Task inputs →
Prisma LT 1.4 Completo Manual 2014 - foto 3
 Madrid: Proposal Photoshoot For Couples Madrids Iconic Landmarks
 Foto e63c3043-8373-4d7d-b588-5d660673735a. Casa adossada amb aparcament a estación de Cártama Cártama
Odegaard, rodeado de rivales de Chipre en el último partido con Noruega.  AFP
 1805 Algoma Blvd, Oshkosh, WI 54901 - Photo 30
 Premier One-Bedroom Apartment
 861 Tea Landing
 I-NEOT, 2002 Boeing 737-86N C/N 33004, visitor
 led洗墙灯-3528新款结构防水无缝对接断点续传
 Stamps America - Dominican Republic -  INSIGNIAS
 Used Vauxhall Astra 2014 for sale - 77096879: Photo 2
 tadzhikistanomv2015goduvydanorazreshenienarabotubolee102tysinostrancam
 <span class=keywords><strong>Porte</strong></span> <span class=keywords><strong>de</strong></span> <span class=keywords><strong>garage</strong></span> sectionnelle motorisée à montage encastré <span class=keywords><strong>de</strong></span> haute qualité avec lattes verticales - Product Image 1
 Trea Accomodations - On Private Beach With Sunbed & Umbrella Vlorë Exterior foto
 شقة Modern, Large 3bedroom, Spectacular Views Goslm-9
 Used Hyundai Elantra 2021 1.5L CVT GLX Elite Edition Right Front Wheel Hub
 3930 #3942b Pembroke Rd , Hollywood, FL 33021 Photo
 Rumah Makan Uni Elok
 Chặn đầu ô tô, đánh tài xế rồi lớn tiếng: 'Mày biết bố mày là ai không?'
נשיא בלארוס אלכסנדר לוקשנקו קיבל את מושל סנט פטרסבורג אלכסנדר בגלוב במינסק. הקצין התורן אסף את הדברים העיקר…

What is required → Where a line contains "Chặn đầu ô tô, đánh", begin there and output each line through the end of the data above, exactly; give no other lines.

The completed task →
 Chặn đầu ô tô, đánh tài xế rồi lớn tiếng: 'Mày biết bố mày là ai không?'
נשיא בלארוס אלכסנדר לוקשנקו קיבל את מושל סנט פטרסבורג אלכסנדר בגלוב במינסק. הקצין התורן אסף את הדברים העיקר…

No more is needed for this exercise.